The diff command compares the same file in two different snapshots if a file is given, otherwise compares the two snapshots.

Click here for a list of related forum topics.

Quick overview

NAME:
   duplicacy diff - Compare two snapshots or two revisions of a file

USAGE:
   duplicacy diff [command options] [<file>]

OPTIONS:
   -id <snapshot id>            diff snapshots with the specified id
   -r <revision> [+]            the revision number of the snapshot
   -hash                        compute the hashes of on-disk files
   -storage <storage name>      retrieve files from the specified storage
   -key <private key>           the RSA private key to decrypt file chunks
   -key-passphrase <passphrase> the passphrase to decrypt the RSA private key

Usage

duplicacy diff [command options] [<file>]

Options


-id <snapshot id>

You can specify a different snapshot id rather than the default snapshot id.


-r <revision> [+]

If only one revision is given by -r, the right hand side of the comparison will be the on-disk file.


-hash

The -hash option can then instruct this command to compute the hash of the file.


-storage <storage name>

You can use the -storage option to select a different storage other than the default one.


-key <private key> and -key-passphrase <passphrase>

If the storage is encrypted by an RSA public key, the corresponding private key is needed to diff a file.

Note

The file must be specified with a path relative to the repository.


Meaning of the symbols used in the output

Command:

duplicacy diff -r 10 -r 11
+     is for a file in -r 11 but not in -r 10
-     is for a file in -r 10 but not in -r 11

When a file has changed:

space is for the version of the file in -r 10
*     is for the version of the file in -r 11

The diff command will also use the filesystem to compare against if only one input is given.

Is there a way to diff a specific directory and all files under it?

By not providing a “file” parameter the entire snapshot is compared.

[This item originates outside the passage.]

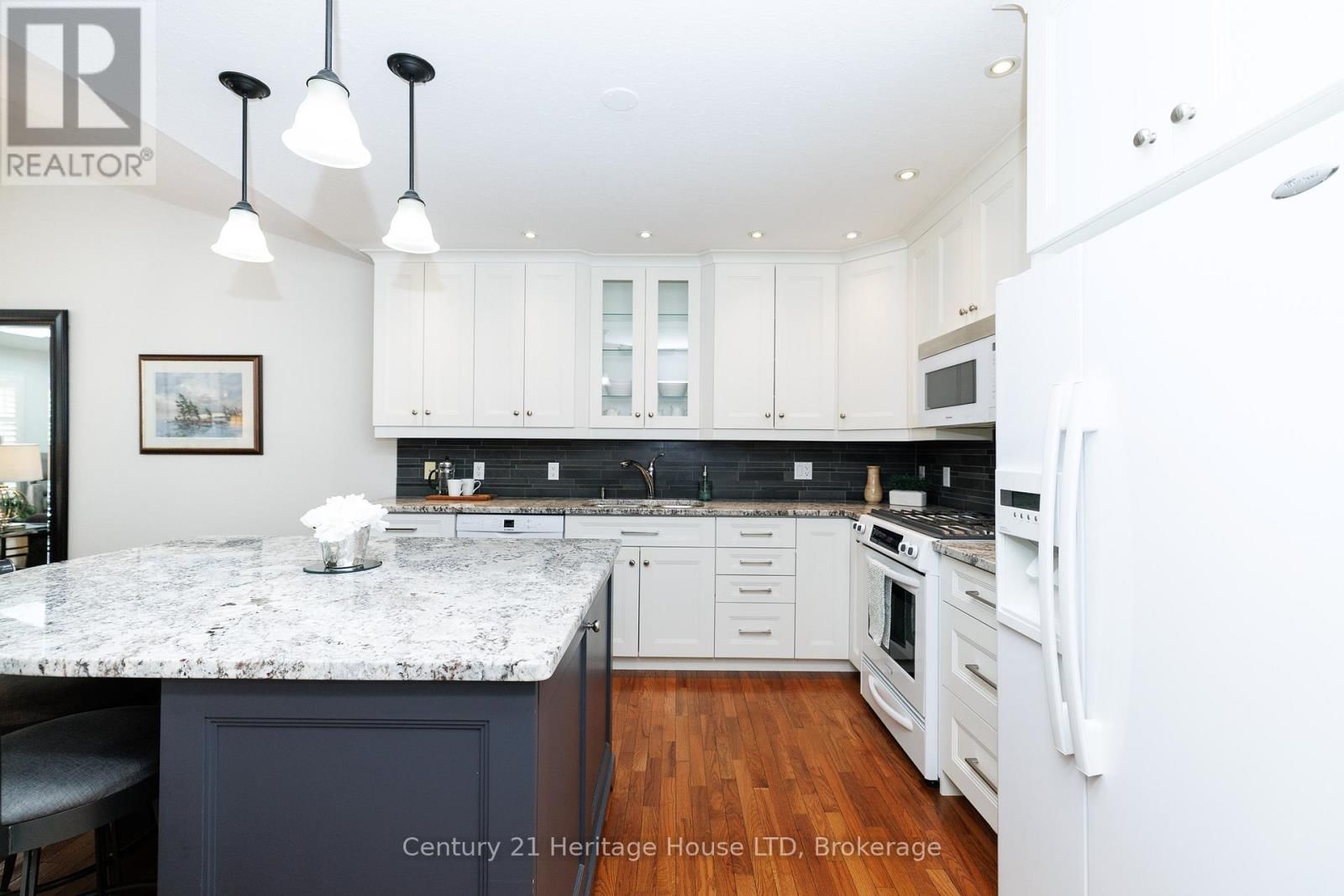 4 - 1439 NIAGARA STONE ROAD Image 12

So, I thought that something like “public/*” would compare that folder and all contents, but I have been unable to find any such wildcard syntax that works.

Also, it seems that ending a folder name in a backslash (public/) and only providing a single revision will trigger the program to compare the hash of the entire folder on disk to a non-existent hash in the snapshot (therefore giving a mismatch hash message). Is that what it’s doing or am I reading the output wrong?

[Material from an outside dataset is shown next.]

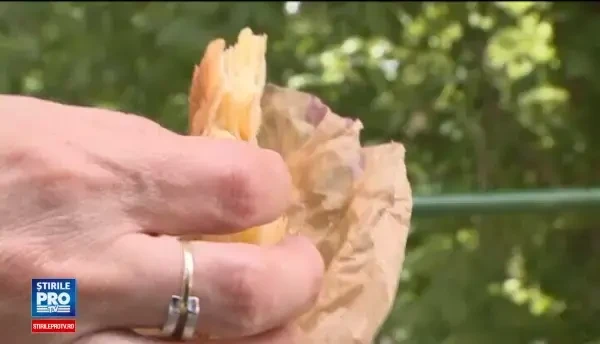 Ce a gasit o aradeanca intr-o merdenea. Un astfel de obiect poate provoca rani serioase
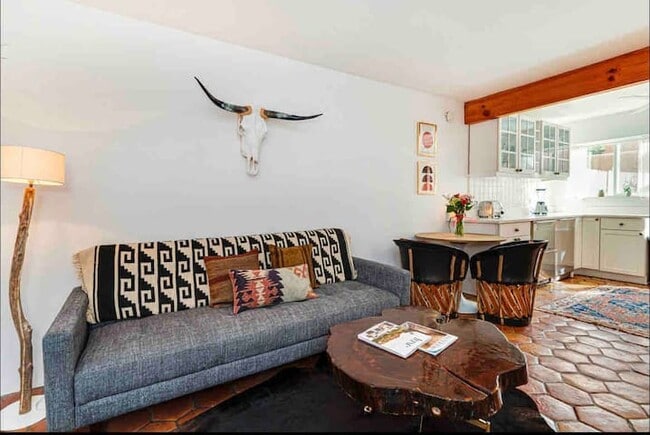 Living Room - 527 E Alameda St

The diff command doesn’t compare directories. As a workaround, you can use the list -files command to list all files in a revision, filter out all files under the given directory, and save the output to a file:

duplicacy list --files -r revision | grep "path/to/dir/" > list1

Repeat this for the other revision, and then use a text diff tool to compare the 2 lists.

Thanks for the suggestion. I’m sure it will be useful in the future, but unfortunately I needed to compare the file contents/hashes between a backup snapshot and the disk.

To work around this I copied the .duplicacy directory used by the web-ui for repository backups to a temp directory, edited the filters file to only include the directory I wanted to compare, ran the diff command from within that temp directory, and grep’d the output to only the directory that I wanted to compare. It’s not a perfect solution by any means, but it worked faster than comparing the entire repository directory structure.

When I subsequently restored some of the subdirectories and files identified by the diff, I came to the conclusion that Duplicacy is very inefficient when it comes to targeting a single subdirectory under a repository. All my attempts to restore a subdirectory would still crawl the entire repository directory structure on disk. This isn’t a big deal for small repositories, but when the repository is an entire disk backup this is a lot of wasted time.

I’m considering taking a stab at implementing some optimizations for this use case myself. If successful, I’ll submit a pull request on GitHub. Please let me know if there are any efforts already underway or precious “lessons learned” from your own optimization attempts so that I don’t waste my time.